American Doug Engelbart, the inventor of the computer mouse and developer of early incarnations of email, word processing programmes and the internet, has died at the age of 88.
His work boiled down to making computers user-friendly.
One of the biggest advances was the mouse, which he developed in the 1960s and patented in 1970. At the time, it was a wooden shell covering two metal wheels, an “X-Y position indicator for a display system”.
The notion of operating the inside of a computer with a tool on the outside was way ahead of its time. The mouse was not commercially available until 1984, with Apple’s new Macintosh.
In fact, Dr Engelbart’s invention was so early that he and his colleagues did not profit much from it.
The mouse patent had a 17-year life span and in 1987 the technology fell into the public domain meaning Dr Engelbart could not collect royalties on the mouse when it was in its widest use. At least one billion have been sold since the mid-1980s.
Douglas Carl Engelbart was born on January 30 1925 and grew up on a small farm near Portland, Oregon.
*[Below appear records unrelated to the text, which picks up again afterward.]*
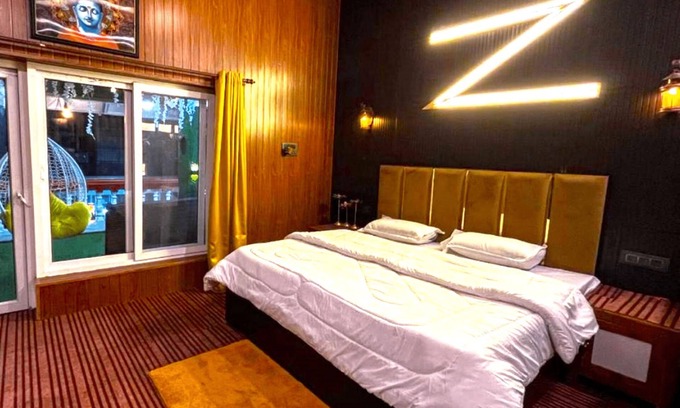 Tapovan Villa | The Vyom Villa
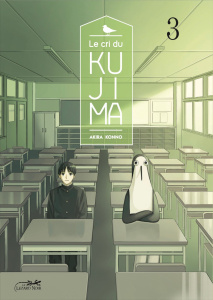 Le cri du kujima Tome 3 - Konno Akira ; Fournier Alexandre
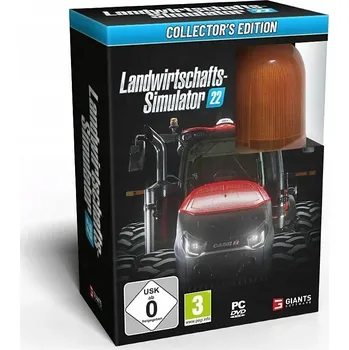Počítačová hra Farming Simulator 22 - Collector's Edition PC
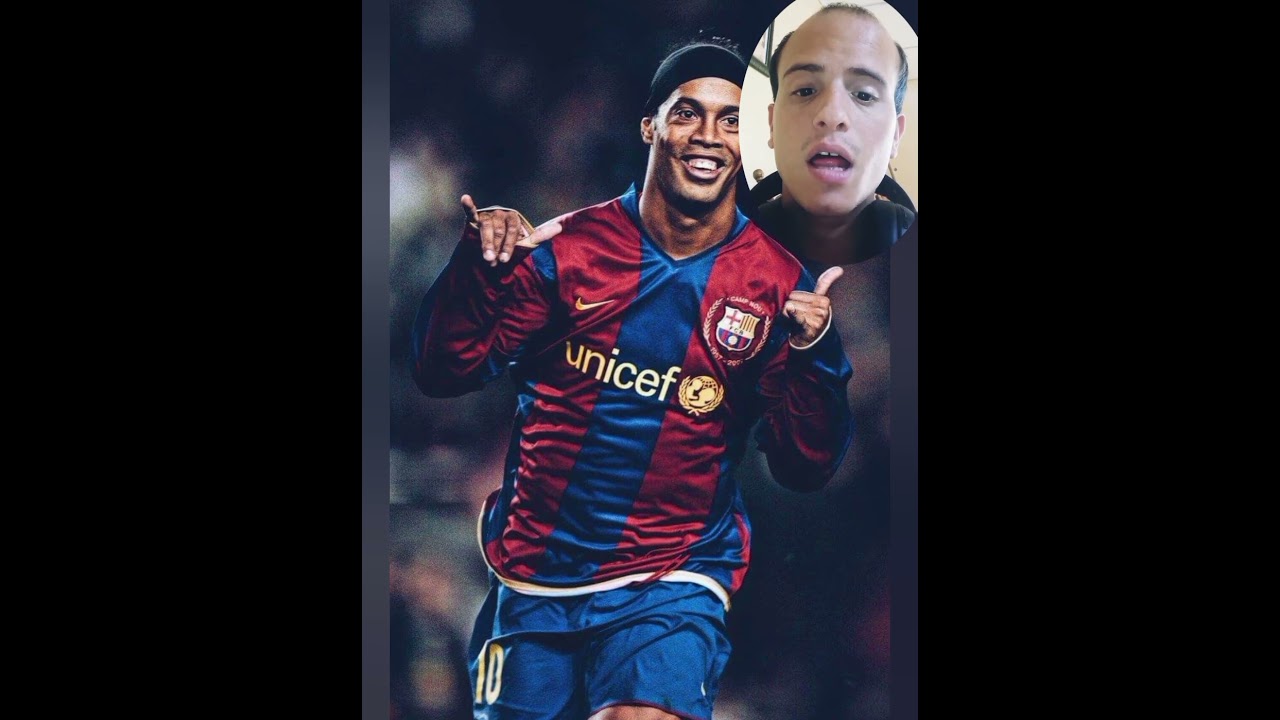 comparaci&oacute;n entre Neymar vs Ronaldinho #futbol #noticiasfutbol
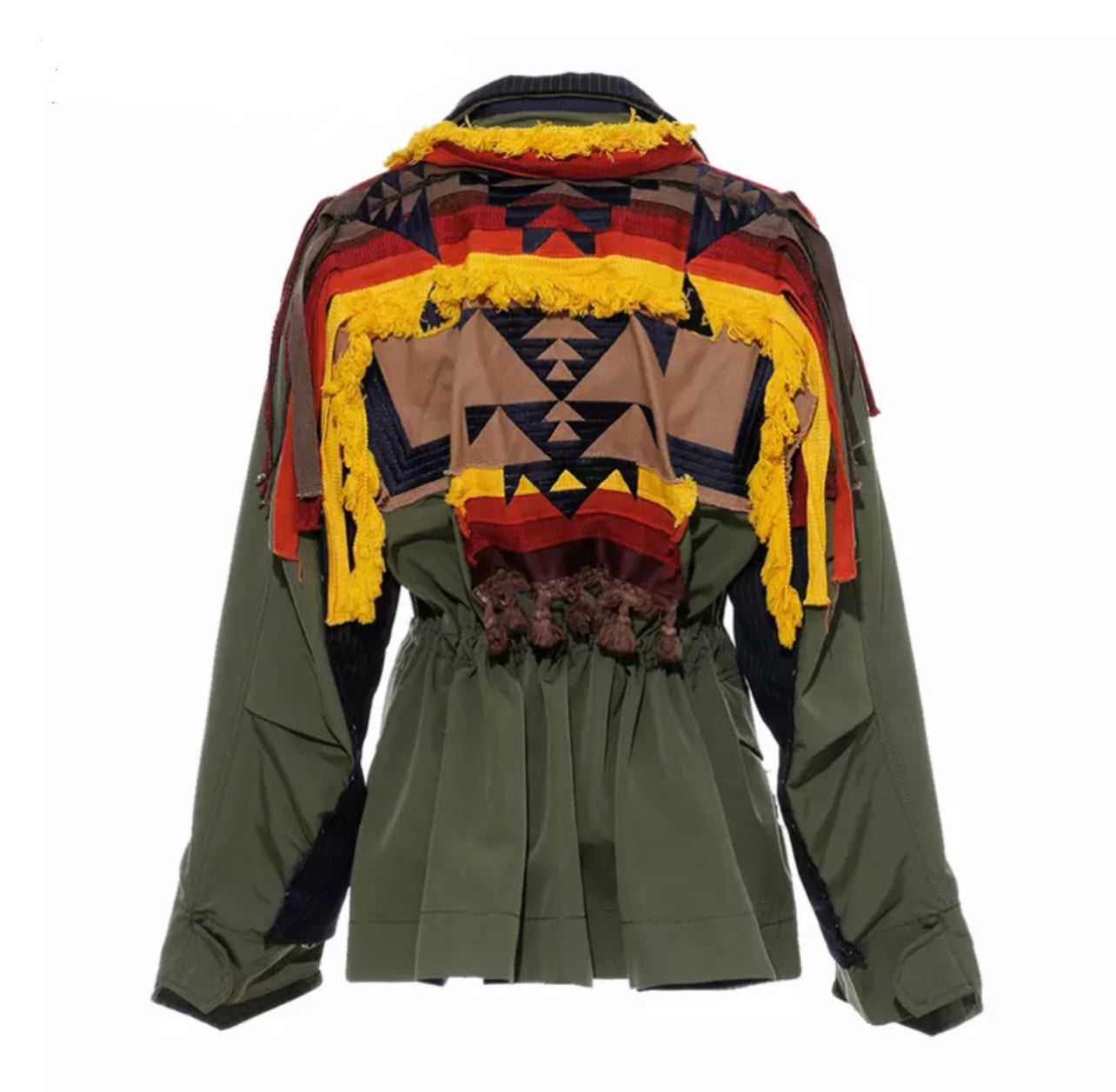 Tibet Flow Blazer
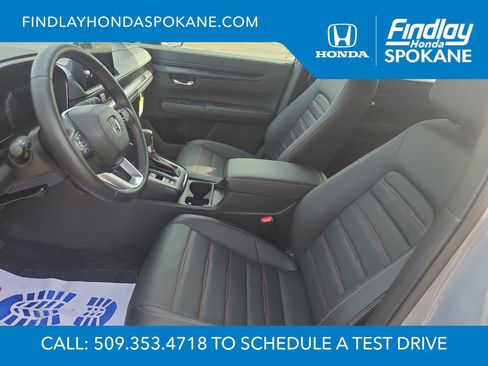 Used 2026 Honda CR-V Sport-L image 17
He studied electrical engineering at Oregon State University, taking two years off during the Second World War to serve as a Navy electronics and radar technician in the Philippines.
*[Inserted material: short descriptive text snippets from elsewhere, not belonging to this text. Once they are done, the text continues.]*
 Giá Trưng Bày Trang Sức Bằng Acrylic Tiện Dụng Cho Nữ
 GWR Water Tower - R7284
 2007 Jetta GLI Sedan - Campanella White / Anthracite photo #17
After the war, Dr Engelbart worked as an electrical engineer for Nasa’s predecessor, Naca, at its Ames Laboratory. Dreaming of computers that could change the world, he left Ames to pursue his PhD at the University of California, Berkeley.
Among Dr Engelbart’s other key developments in computing was the use of multiple windows. His lab also helped develop ARPANet, the government research network which led to the internet.
In 1997, he won the most lucrative award for American inventors, the $500,000- Lemelson-MIT Prize. Three years later, President Bill Clinton bestowed him with the National Medal of Technology “for creating the foundations of personal computing”.